Let’s start with a simple example that illustrates the basic concepts behind computed columns. We’ll use a table of world population data for our example. Remember that you can import datasets into a Pixeltable table by using pxt.create_table() with the source parameter.

import pixeltable as pxt

pxt.create_dir('fundamentals', if_exists='ignore')
pop_t = pxt.create_table(
    'fundamentals.population',
    source='https://github.com/pixeltable/pixeltable/raw/release/docs/resources/world-population-data.csv',
    if_exists='replace'
)

Connected to Pixeltable database at: postgresql+psycopg://postgres:@/pixeltable?host=/Users/asiegel/.pixeltable/pgdata
Created directory ‘fundamentals’.
Created table ‘population’.
Inserting rows into `population`: 234 rows [00:00, 6850.71 rows/s]
Inserted 234 rows with 0 errors.

Also recall that pop_t.head() returns the first few rows of a table, and typing the table name pop_t by itself gives the schema.

pop_t.head(5)

pop_t

Now let’s suppose we want to add a new column for the year-over-year population change from 2022 to 2023. In the previous tutorial section, Tables and Data Operations, we saw how one might select() such a quantity into a Pixeltable Query, giving it the name yoy_change (year-over-year change):

pop_t.select(pop_t.country, yoy_change=(pop_t.pop_2023 - pop_t.pop_2022)).head(5)

A computed column is a way of turning such a selection into a new, permanent column of the table. Here’s how it works:

pop_t.add_computed_column(yoy_change=(pop_t.pop_2023 - pop_t.pop_2022))

Added 234 column values with 0 errors.
234 rows updated, 468 values computed.

As soon as the column is added, Pixeltable will (by default) automatically compute its value for all rows in the table, storing the results in the new column.

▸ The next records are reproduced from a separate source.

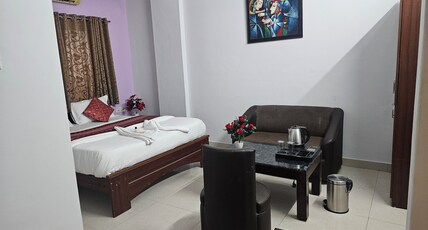 Hotel Royal Palace Room Type - Deluxe (3X)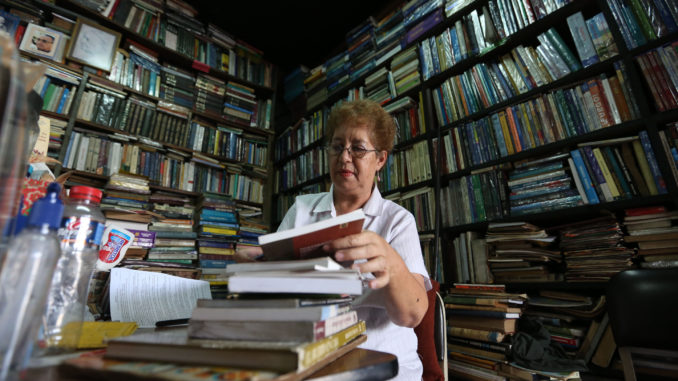 Guatemala, un país que no lee, aprende a vivir entre libros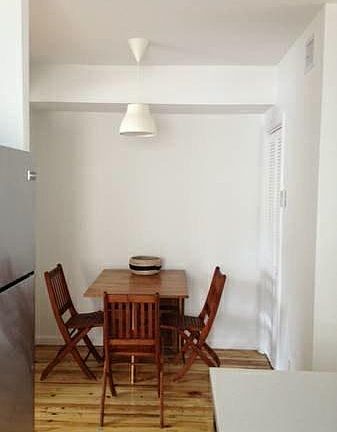 Eat-in-Kitchen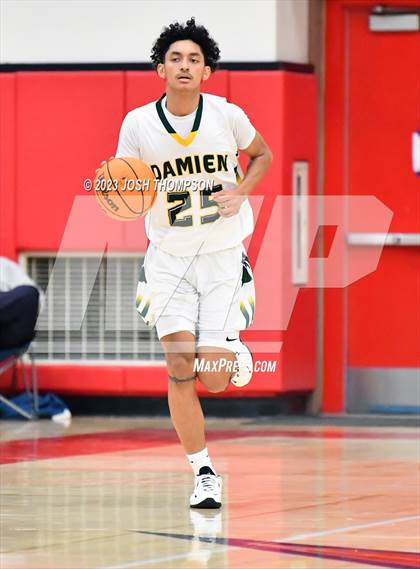 Thumbnail 1 in Damien vs. Hillcrest photogallery.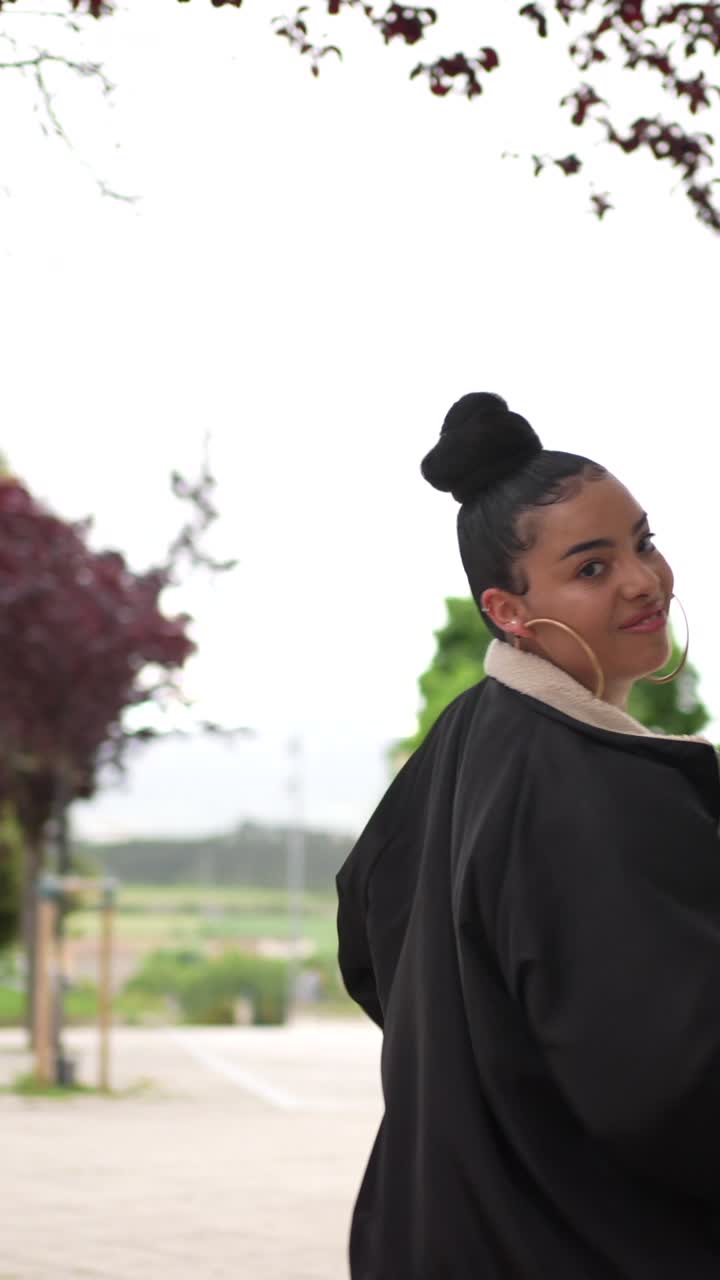 mujer bailando al aire libre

If we now inspect the schema of pop_t, we see the new column and its definition.

pop_t

The new column can be queried in the usual manner.

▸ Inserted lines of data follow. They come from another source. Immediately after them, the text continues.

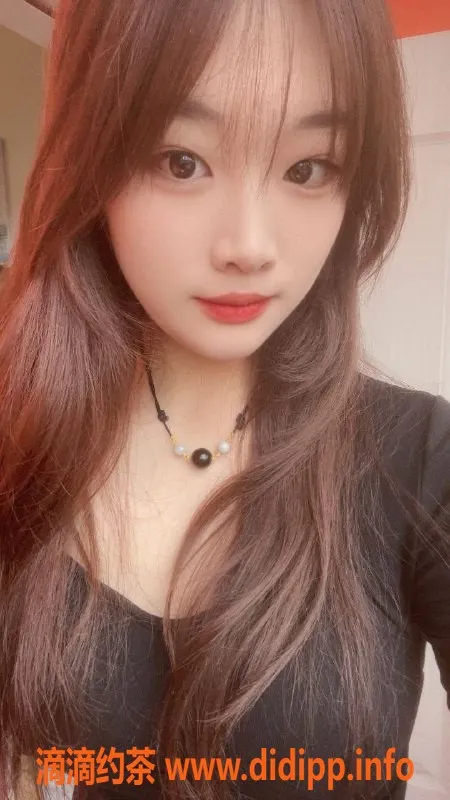 广州楼凤-天河嫩妹小曦月，600元让你体验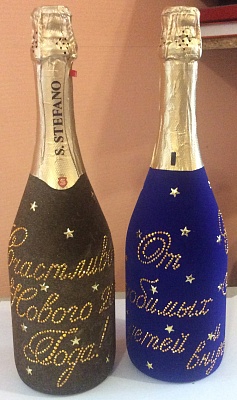 Флокированные бутылки с новогодними поздравлениями.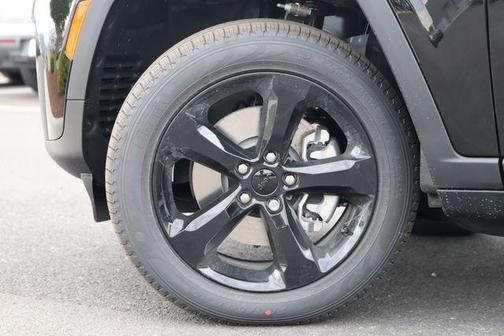 Diamond Black Crystal Pearlcoat 2026 Jeep Grand Cherokee L Limited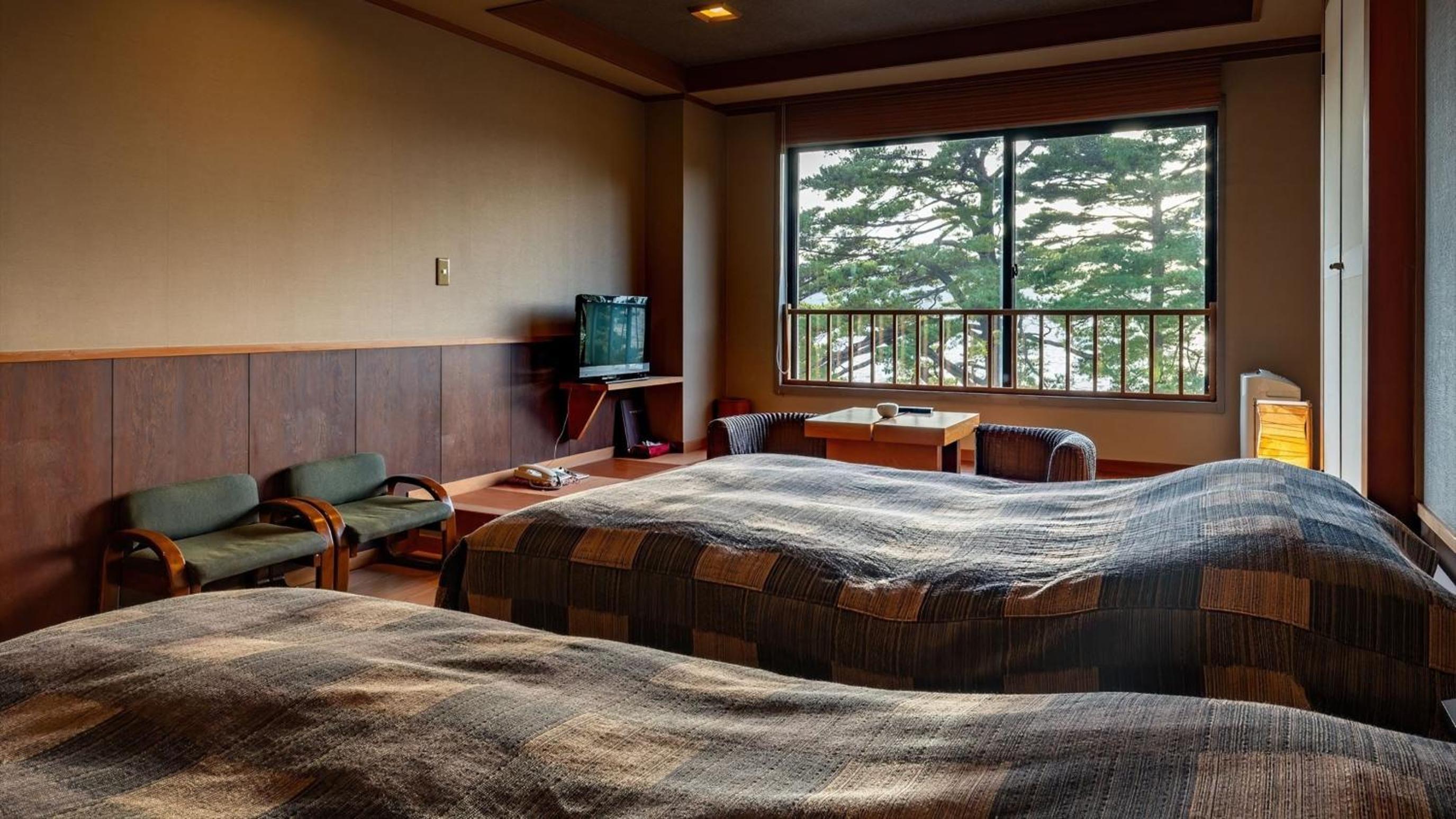 Twin Room with Lake View photo 3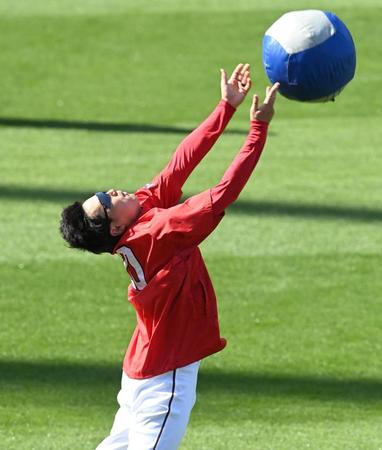 　トレーニング用のボールを投げる栗林（撮影・田中太一）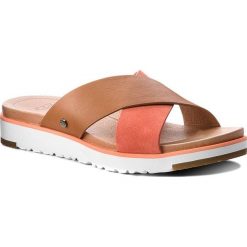 Klapki UGG - W Kari 1090383 W/Fcrl. Brązowe klapki damskie UGG, z materiału. W wyprzedaży za 279.00 zł.
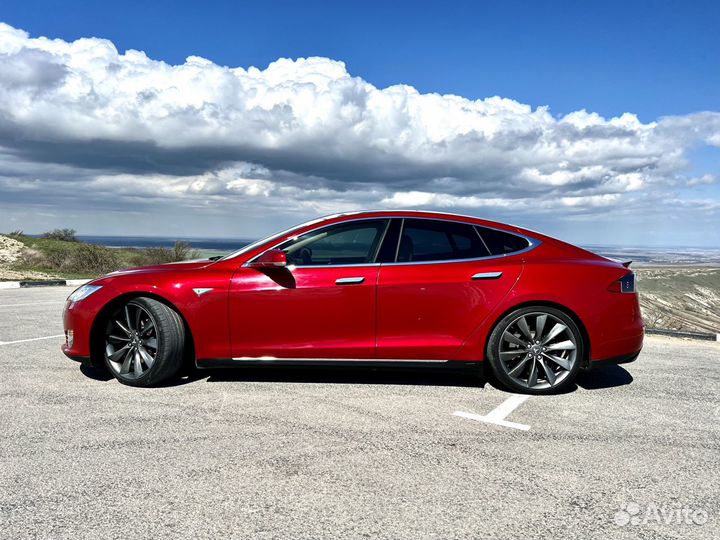 Tesla Model S AT, 2015, 60 000 км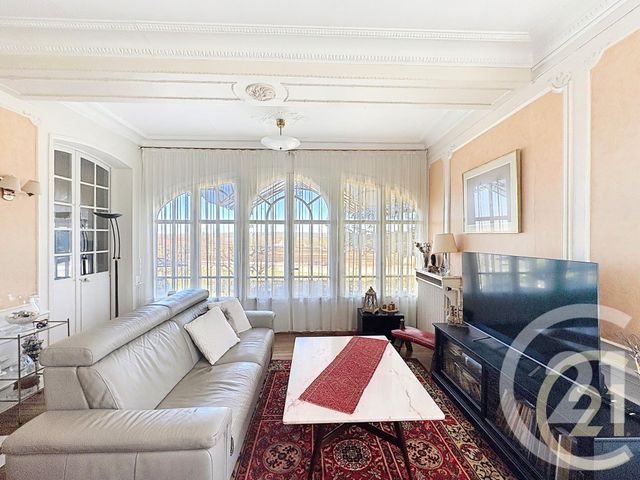 maison à vendre - 8 pièces - 235.78 m2 - MORET LOING ET ORVANNE - 77 - ILE-DE-FRANCE - Century 21 Agence Notre-Dame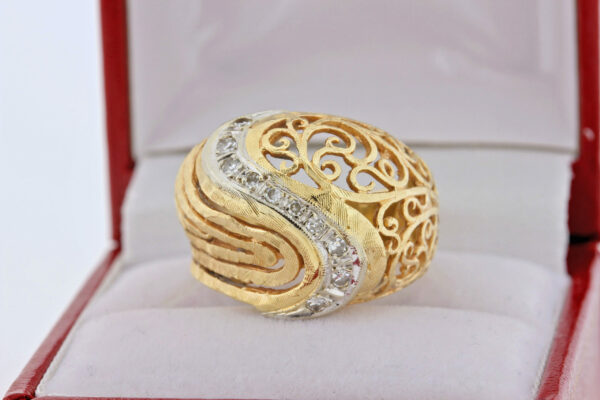Timekeepersclayton 14K Yellow Gold Swirling Vine Ring with Florentine Finish and White Diamond Accents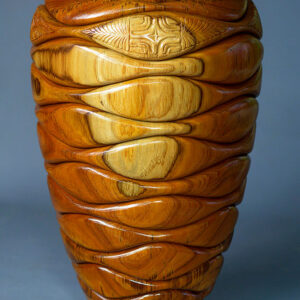 Vase ondulé en bois de Teck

pop_t.select(pop_t.country, pop_t.yoy_change).head(5)

The output is identical to the previous example, but now we’re retrieving the computed output from the database, instead of computing it on-the-fly. Computed columns can be “chained” with other computed columns. Here’s an example that expresses population change as a percentage:

pop_t.add_computed_column(
    yoy_percent_change=(100 * pop_t.yoy_change / pop_t.pop_2022)
)

Added 234 column values with 0 errors.
234 rows updated, 468 values computed.

pop_t

pop_t.select(pop_t.country, pop_t.yoy_change, pop_t.yoy_percent_change).head(5)

Although computed columns appear superficially similar to Queries, there is a key difference. Because computed columns are a permanent part of the table, they will be automatically updated any time new data is added to the table. These updates will propagate through any other computed columns that are “downstream” of the new data, ensuring that the state of the entire data is kept up-to-date.

In traditional data workflows, it is commonplace to recompute entire pipelines when the input dataset is changed or enlarged. In Pixeltable, by contrast, all updates are applied incrementally. When new data appear in a table or existing data are altered, Pixeltable will recompute only those rows that are dependent on the changed data.

Let’s see how this works in practice. For purposes of illustration, we’ll add an entry for California to the table, as if it were a country.

pop_t.insert(
    country='California',
    pop_2023=39110000,
    pop_2022=39030000,
)

Inserting rows into `population`: 1 rows [00:00, 228.35 rows/s]
Inserted 1 row with 0 errors.
1 row inserted, 5 values computed.

Observe that the computed columns yoy_growth and yoy_percent_growth have been automatically updated in response to the new data.

pop_t.tail(5)

Remember that all tables in Pixeltable are persistent. This includes computed columns: when you create a computed column, its definition is stored in the database. You can think of computed columns as setting up a persistent compute workflow: if you close your notebook or restart your Python instance, computed columns (along with the relationships between them, and any data contained in them) will be preserved.

Recomputing Columns

From time to time you might need to recompute the data in an existing computed column. Perhaps the code for one of your UDFs has changed, and you want to recompute a column that uses that UDF in order to pick up the new logic. Or perhaps you want to re-run a nondeterministic computation such as model inference. The command to do this is recompute_columns(). It won’t do much in the current example, because all our computations are simple and deterministic, but for demonstration purposes here’s what it looks like:

pop_t.recompute_columns(pop_t.yoy_change, pop_t.yoy_percent_change)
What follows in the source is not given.